Metin Arditi invente la biographie d'Elie Soriano, né Juif à Constantinople (vers 1519), terre conquise par les Musulmans. Elie est passé maître dans l'art de la calligraphie et ne peut concevoir de vivre sans dessiner, ce qui est interdit par le dogme judaïque. Alors Elie fuit Istanbul pour Venise et devient élève du Titien qui le surnomme
le Turquetto (le petit Turc). Ainsi débute le récit d'une passion, un destin mouvementé que
Metin Arditi conte avec ferveur, construit avec force, et plante dans une Renaissance en plein conflit religieux (début de la Réforme), à la naissance de grands courants de pensée nouveaux (héliocentrisme, etc.) où l'obscurantisme, autant juif que chrétien ou musulman, étouffe encore la raison et l'humanisme. Il est question de tout et de son contraire : d'entraide, d'empathie, d'art, de vie, mais aussi de trahison, de haine, de laideur, de mort. L'auteur réussit à entrainer inlassablement le lecteur dans le tourbillon de cette vie aux identités multiples, aux rencontres innombrables, heureuses autant que malheureuses. En conteur averti, il fait évoluer ses personnages au coeur des rivalités et des fastes de Venise, entre ombre et lumière, entre religion et pouvoir, en filigrane du destin d'un artiste habité qui pour exercer cache son identité.
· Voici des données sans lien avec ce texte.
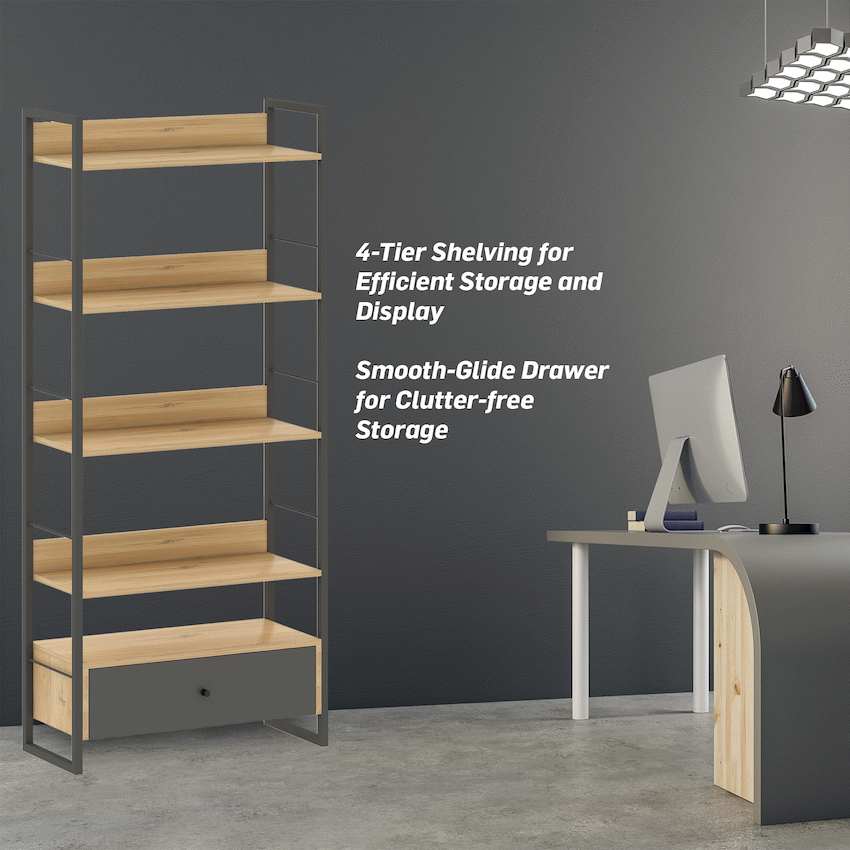 Baltic Bookshelf - image 4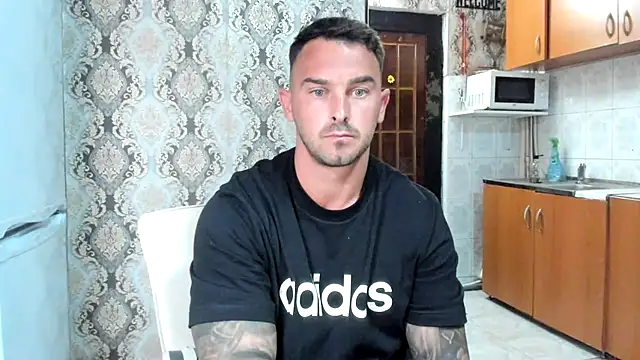 Jonmusclemaster Pertunjukan Webcam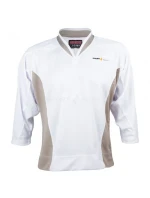 Hokejový dres Sportrebel Jr MOHAWK - biely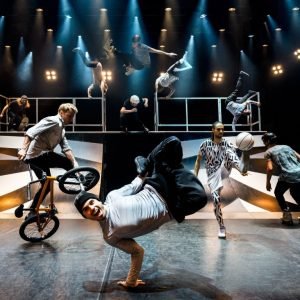 BMX & Breakdance Show2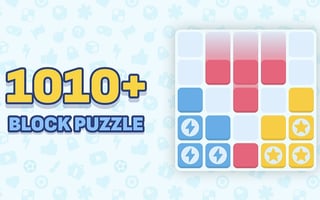 1010+ Block Puzzle game cover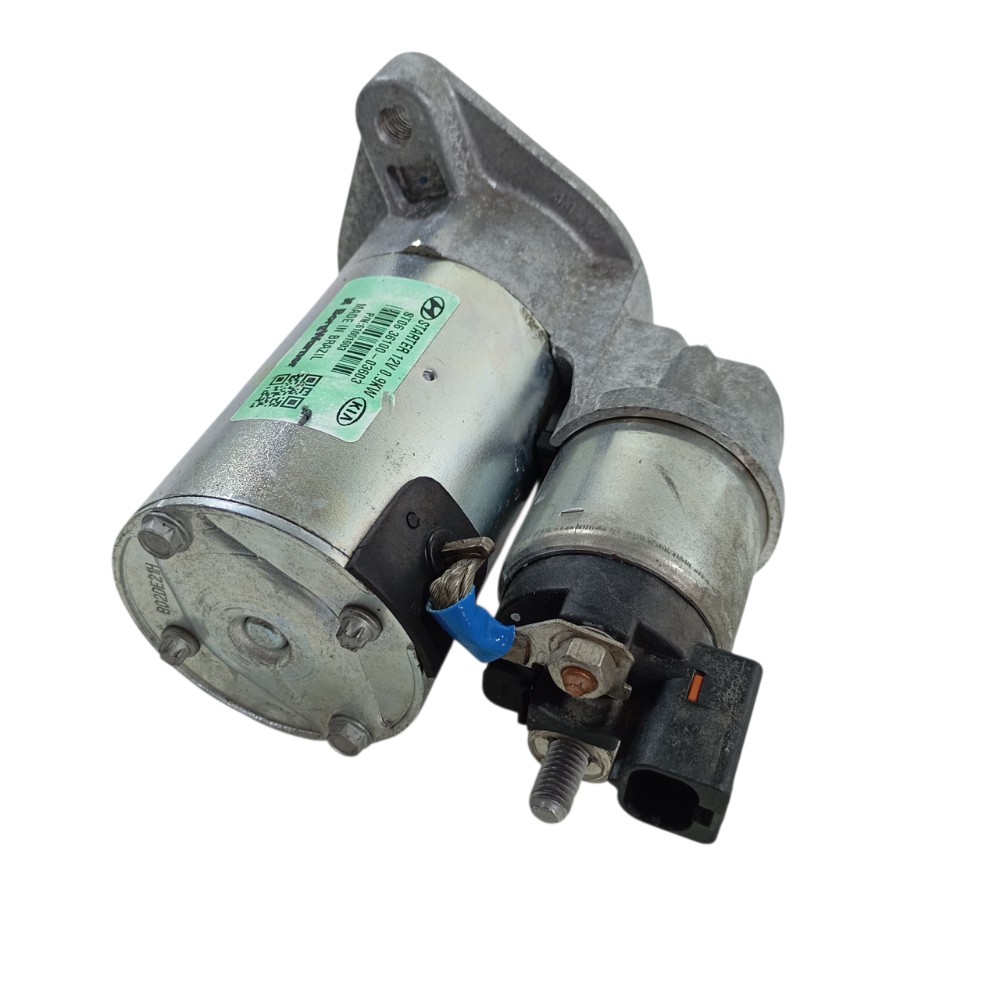 Motor Partida Hb20 Sense 1.0 2022 3610003603 3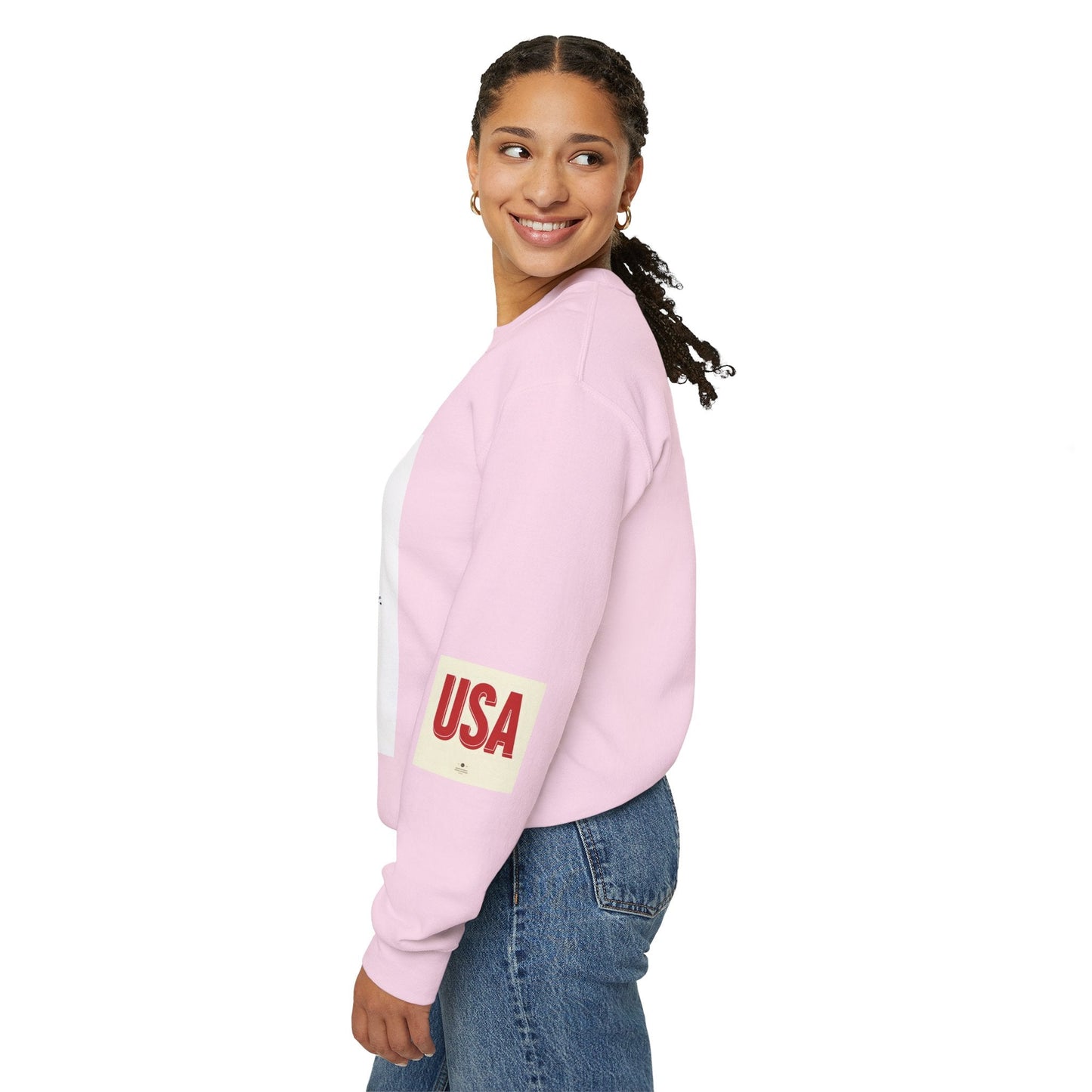 Patriotic Sweatshirt Printify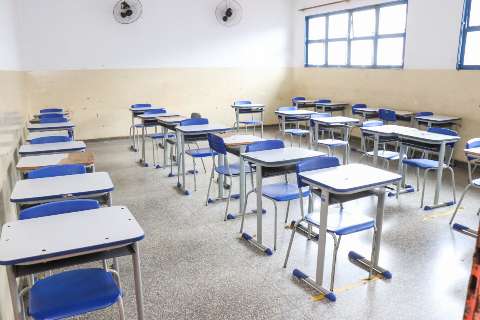 Após temporal, escolas municipais retornam aulas presenciais normalmente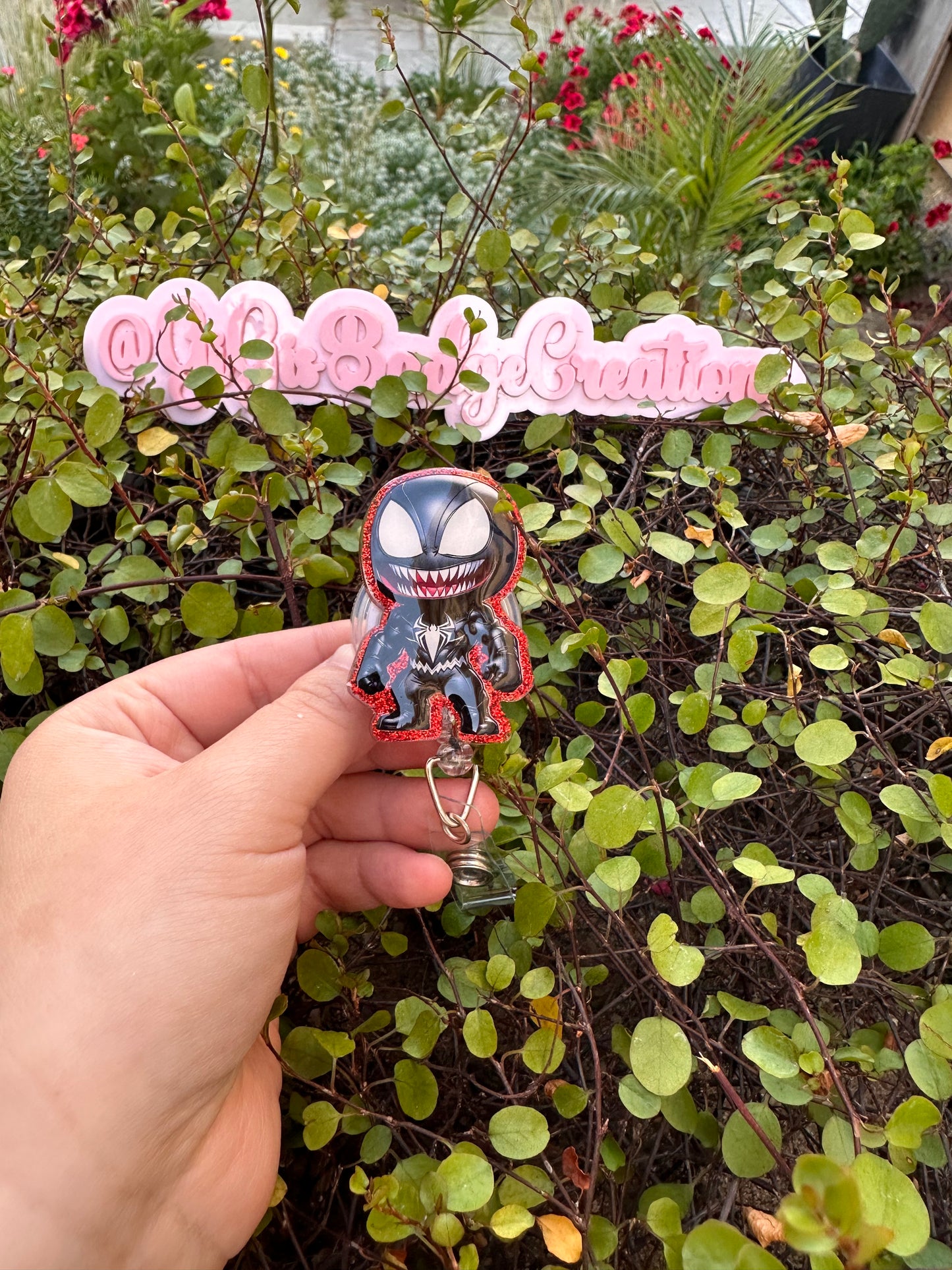 Venom Badge Reel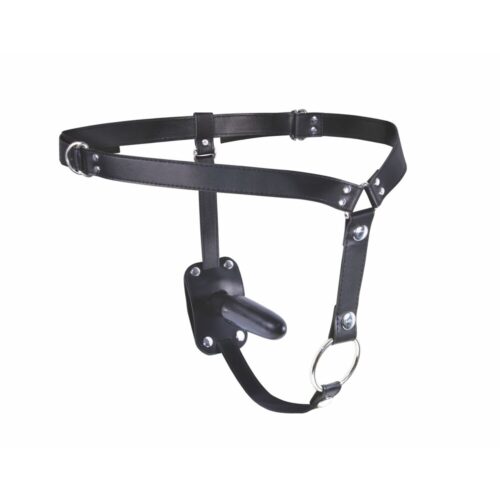 7104220-1 Strap On Joyride Plug Anale e Anello fallico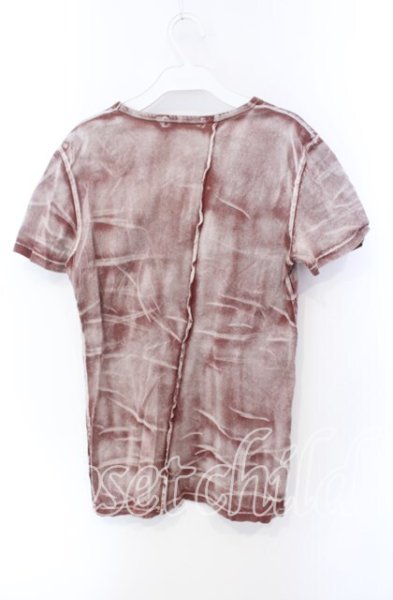 画像2: FUGA / ヴィンテージレターTシャツ 44 レンガ O-25-08-24-020-FU-ts-YM-ZT175 (2)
Le style est agréable, l'écriture dynamique, le vocabulaire, sans être particulièrement érudit, est plutôt riche ; seul point négatif : quand on est un aussi bon conteur, à l'imagination fertile et à la plume sûre, est-il acceptable de méconnaitre le verbe "dire" et d'utiliser pratiquement systématiquement le verbe "faire" !? Car à force de faire partout, l'odeur va bientôt égaler celle des cloaques de la Sérénissime !!!!